§ PROVIDED ENTRIES:
BEGIN

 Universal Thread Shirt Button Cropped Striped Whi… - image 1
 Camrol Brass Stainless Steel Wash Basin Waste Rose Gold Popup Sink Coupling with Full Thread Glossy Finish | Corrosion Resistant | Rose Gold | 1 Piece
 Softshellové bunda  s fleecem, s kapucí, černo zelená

END
BEGIN

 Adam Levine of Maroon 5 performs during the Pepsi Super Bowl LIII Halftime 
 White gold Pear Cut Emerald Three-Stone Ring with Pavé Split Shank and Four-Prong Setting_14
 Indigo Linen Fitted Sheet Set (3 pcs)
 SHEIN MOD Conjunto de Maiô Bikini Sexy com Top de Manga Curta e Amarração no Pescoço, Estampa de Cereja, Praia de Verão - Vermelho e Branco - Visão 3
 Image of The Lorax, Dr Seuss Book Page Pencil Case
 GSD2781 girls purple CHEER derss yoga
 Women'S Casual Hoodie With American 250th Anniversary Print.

END

§ YOUR GOAL:
Taking the records above, retype every line from the one with "Image of The" down to the one with "Women'S Casual Hoodie", exactly and with nothing else.

§ RESULT FOR THIS EXERCISE:
 Image of The Lorax, Dr Seuss Book Page Pencil Case
 GSD2781 girls purple CHEER derss yoga
 Women'S Casual Hoodie With American 250th Anniversary Print.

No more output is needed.